It’s a busy day, I am running late, and, honestly, there doesn’t seem to be too much that’s urgent on the economic and market front. So, let’s talk about something entirely different: my desk treadmill! You, the readers, are smart people. I am going to assume you can figure out that this is a treadmill you can use at your desk. (You can find the one I use here.) All good?
Business casual fitness
In many respects, a desk treadmill is just a treadmill you would use at the gym, but it is designed to work in an office. The control pod is on a cable, so you can leave it at your desk, and there is no podium up front to get in the way. The motor is designed to run for hours at low speeds, for sustained walking rather than running. And, importantly, it runs very quietly. This is the business casual version of fitness.
The beauty of it is that rather than making you exercise (and thinking about that and sweating), you can just set it at your desk and walk. It maxes out at 2 mph, which doesn’t sound like much. But over time, it adds up. Last year, for example, starting in March I ended up with more than 1,000 miles. This year, I am on track to exceed that—even with all the meetings and travel I do. That’s quite a distance.
The number don’t lie
It gets even better when you dig further into the numbers. According to my eating app (loseit.com), I burn about 85 calories per mile when I walk at 2 mph. I usually do about 6 miles per day, for about 500 calories burned, or about two-thirds of a pound per week. On an annualized basis, 1,000 miles at 85 calories per mile is 85,000 calories, which is about 25 pounds. Put another way, if I had not been using the treadmill, I would have been up 25 pounds at the end of last year. That’s material.
I will admit it looks funny. For a while there, people were actually coming by to laugh at me in my office, and I still get my share of double takes from visitors. And, when the sun is beating in the window, it can be a bit warm. Finally, your legs do tend to get tired. It’s not perfect. It does, however, let me use time to pursue goals that, over time, can become easy—since I don’t have to think about them.
Back to investing . . .
And this brings us back to investing, surprisingly enough. What else have I set up to do, without thinking, that results in long-term benefits? The answer is my 401(k) plan and steady investment over time. Steady exercise, at a low enough level that I don’t really notice it, can yield significant benefits.

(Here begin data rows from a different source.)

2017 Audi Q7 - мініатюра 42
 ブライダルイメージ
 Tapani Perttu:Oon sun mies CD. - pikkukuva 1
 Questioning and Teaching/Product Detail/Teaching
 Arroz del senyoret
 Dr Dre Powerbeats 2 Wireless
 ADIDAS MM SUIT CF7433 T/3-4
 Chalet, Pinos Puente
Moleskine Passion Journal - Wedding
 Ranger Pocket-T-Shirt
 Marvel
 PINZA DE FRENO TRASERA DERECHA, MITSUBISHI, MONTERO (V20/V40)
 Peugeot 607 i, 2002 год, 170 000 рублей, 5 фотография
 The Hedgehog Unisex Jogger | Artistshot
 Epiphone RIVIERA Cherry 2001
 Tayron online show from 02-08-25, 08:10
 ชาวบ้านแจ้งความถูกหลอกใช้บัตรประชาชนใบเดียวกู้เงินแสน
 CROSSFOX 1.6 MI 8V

So can steady savings, as the investments compound over time.
I have sold quite a few desk treadmills to my colleagues and friends. Regrettably, I am not on commission, but you should really take a look. You’ll be healthier (and thinner!) if you do, and you will likely live longer. If you want to be able to afford that longer life, however, you should also look into the same kind of regular painless saving and investing, if you haven’t already. Put your finances on a positive treadmill as well.
Over time, both your waistline and your bank balance will thank me.